IBM did not provide pricing information for the SparkBench report, but after The Next Platform pressed for it, IBM came back with some pricing so we could do some price/performance analysis. (We would point out that we believe in running benchmarks across a wide variety of machines, with vendors doing their own tests and providing system pricing, and having it all peer reviewed before publication. But in the early days of any market, this is not usually the way it works. Enough vendors have to test others’ machines before they come together and establish a proper methodology, and honestly, the community selling new analytics tools has not gotten with this program yet.) In any event, IBM says that the Power S822L system that was used in the test has a list price of $34,929, which is 50.8 percent more expensive than the Xeon E5 v3 system with the same core count, memory, and disk. Moreover, on average across the ten SparkBench workloads, the Power8 system delivered 2.32X the performance as the Xeon E5 v3 machine. When you do the math, that is a 54 percent price performance advantage in this case – it is a lot higher for some workloads, and nil for others.
The obvious question is this: Is a this price/performance advantage compelling enough to make companies think about switching to Power machines from Xeon machines?

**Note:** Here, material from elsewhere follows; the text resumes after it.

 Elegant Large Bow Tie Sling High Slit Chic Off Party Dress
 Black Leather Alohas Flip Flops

“Power8 and everything we have done to design that machine for data continues to resonate well with clients and with ISVs,” explains Balog. “The threads, the caches, the memory bandwidth, the I/O bandwidth, the little endian support – all that good stuff, including CAPI for future innovation, leaves them with a platform that delivers at least 2X performance gains over Intel. If you can get something that delivers 2X the performance for nearly the same price, it is pretty compelling and this is where we continue to see the strong adoption of Power8.”

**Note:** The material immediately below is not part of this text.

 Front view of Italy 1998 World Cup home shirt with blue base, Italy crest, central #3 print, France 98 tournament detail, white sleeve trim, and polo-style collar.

IBM does not break out revenue figures for its Power Systems division, but Balog said that at constant currency, the business had 1 percent growth in the first quarter and 5 percent growth in the second quarter, which is a lot better than the declines that IBM has seen in this business over the past several years. For a while, IBM grew its Unix sales as HP and Sun/Oracle slipped, but eventually the Great Recession hit the Unix business hard. IBM has concentrated boosting its Linux-on-Power business, and this effort is one reason that the scale-out two-socket Power8 machines have seen double digit revenue growth in the first half of 2015, according to Balog. The Linux portion of the Power Systems business had “high double digit growth” in the first two quarters of the year, but Balog concedes it is against a very small base.
What IBM needs is a watershed event, a big hyperscaler that commits to using Power chips in its datacenters. It could yet happen with Google, which is one of the founding members of the OpenPower Foundation and which has confirmed that it would switch to the Power architecture to get even a 20 percent advantage. Google can build a Power system specifically for its needs and for a lot less money than IBM can do, and we presume that the OpenPower server partners will be able to do that as well. In fact, we expect for IBM to resell OpenPower machinery for Linux workloads to drive the price down and better compete with the Xeon server suppliers.
The real battle might be Power8+ versus “Broadwell” Xeon E5 v4, which are both coming in 2016. And, quite possibly, the “Knights Landing” Xeon Phi as a tag team, now that we think about it. For many workloads, particularly those that like threads and memory bandwidth, Xeon Phi might be a better answer.